=== Begin Enclosure ===
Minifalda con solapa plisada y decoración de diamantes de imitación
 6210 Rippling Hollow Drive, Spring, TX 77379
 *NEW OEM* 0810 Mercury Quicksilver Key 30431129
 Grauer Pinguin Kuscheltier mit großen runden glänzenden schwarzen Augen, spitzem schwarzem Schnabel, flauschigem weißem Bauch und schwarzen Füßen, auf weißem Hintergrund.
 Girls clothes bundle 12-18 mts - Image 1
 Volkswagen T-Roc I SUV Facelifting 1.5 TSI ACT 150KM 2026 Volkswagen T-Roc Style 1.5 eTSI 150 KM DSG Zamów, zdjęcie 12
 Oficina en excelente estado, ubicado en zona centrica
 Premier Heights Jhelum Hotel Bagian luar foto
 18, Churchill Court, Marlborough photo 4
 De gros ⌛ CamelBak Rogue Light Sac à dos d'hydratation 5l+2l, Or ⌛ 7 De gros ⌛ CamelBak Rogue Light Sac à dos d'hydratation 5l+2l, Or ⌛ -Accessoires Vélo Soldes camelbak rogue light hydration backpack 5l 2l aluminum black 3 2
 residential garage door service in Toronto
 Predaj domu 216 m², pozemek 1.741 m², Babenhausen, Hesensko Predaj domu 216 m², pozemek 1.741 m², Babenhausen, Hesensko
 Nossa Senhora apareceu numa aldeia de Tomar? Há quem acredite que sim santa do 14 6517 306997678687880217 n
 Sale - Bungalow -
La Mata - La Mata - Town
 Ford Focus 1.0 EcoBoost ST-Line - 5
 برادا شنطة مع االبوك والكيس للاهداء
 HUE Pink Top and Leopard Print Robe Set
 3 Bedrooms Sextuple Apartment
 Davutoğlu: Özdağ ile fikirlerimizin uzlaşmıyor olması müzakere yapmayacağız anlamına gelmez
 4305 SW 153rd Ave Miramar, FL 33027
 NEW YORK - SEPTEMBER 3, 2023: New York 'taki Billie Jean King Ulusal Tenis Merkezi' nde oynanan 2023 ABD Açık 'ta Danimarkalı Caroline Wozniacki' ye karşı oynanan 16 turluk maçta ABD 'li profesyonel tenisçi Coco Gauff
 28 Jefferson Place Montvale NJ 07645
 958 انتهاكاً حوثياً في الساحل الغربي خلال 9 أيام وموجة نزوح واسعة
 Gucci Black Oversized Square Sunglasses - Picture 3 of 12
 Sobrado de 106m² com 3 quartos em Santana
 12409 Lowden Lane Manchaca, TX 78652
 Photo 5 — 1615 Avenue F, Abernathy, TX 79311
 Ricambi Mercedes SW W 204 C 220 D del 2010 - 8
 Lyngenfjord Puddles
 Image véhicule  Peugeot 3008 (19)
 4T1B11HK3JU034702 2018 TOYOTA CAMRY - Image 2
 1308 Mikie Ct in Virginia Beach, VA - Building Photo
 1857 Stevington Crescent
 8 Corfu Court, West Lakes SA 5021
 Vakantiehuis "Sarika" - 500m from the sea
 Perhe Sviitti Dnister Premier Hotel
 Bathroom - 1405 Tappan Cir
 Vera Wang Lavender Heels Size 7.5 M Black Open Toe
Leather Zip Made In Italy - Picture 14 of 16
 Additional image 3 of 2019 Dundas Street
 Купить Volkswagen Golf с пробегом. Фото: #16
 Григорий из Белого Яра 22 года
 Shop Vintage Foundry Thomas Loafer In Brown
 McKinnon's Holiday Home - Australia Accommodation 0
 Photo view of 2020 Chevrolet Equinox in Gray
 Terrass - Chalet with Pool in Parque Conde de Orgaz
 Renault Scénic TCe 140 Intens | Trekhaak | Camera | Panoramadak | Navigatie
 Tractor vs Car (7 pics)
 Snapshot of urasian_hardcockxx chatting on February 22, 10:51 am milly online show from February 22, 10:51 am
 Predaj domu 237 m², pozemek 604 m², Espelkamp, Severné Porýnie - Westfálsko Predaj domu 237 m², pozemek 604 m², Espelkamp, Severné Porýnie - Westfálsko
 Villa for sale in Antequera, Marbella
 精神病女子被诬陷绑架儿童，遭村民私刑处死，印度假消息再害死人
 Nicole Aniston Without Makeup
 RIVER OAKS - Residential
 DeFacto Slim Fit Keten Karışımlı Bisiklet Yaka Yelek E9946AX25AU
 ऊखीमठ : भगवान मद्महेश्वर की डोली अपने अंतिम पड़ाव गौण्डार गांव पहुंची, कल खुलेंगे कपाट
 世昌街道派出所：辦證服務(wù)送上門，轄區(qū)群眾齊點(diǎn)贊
=== End Enclosure ===
**EXERCISE**
Everything from the line containing "Perhe Sviitti Dnister Premier Hotel" to the end of the listing above must be returned exactly. Both end lines belong in it.

**EXPECTED ANSWER**
 Perhe Sviitti Dnister Premier Hotel
 Bathroom - 1405 Tappan Cir
 Vera Wang Lavender Heels Size 7.5 M Black Open Toe
Leather Zip Made In Italy - Picture 14 of 16
 Additional image 3 of 2019 Dundas Street
 Купить Volkswagen Golf с пробегом. Фото: #16
 Григорий из Белого Яра 22 года
 Shop Vintage Foundry Thomas Loafer In Brown
 McKinnon's Holiday Home - Australia Accommodation 0
 Photo view of 2020 Chevrolet Equinox in Gray
 Terrass - Chalet with Pool in Parque Conde de Orgaz
 Renault Scénic TCe 140 Intens | Trekhaak | Camera | Panoramadak | Navigatie
 Tractor vs Car (7 pics)
 Snapshot of urasian_hardcockxx chatting on February 22, 10:51 am milly online show from February 22, 10:51 am
 Predaj domu 237 m², pozemek 604 m², Espelkamp, Severné Porýnie - Westfálsko Predaj domu 237 m², pozemek 604 m², Espelkamp, Severné Porýnie - Westfálsko
 Villa for sale in Antequera, Marbella
 精神病女子被诬陷绑架儿童，遭村民私刑处死，印度假消息再害死人
 Nicole Aniston Without Makeup
 RIVER OAKS - Residential
 DeFacto Slim Fit Keten Karışımlı Bisiklet Yaka Yelek E9946AX25AU
 ऊखीमठ : भगवान मद्महेश्वर की डोली अपने अंतिम पड़ाव गौण्डार गांव पहुंची, कल खुलेंगे कपाट
 世昌街道派出所：辦證服務(wù)送上門，轄區(qū)群眾齊點(diǎn)贊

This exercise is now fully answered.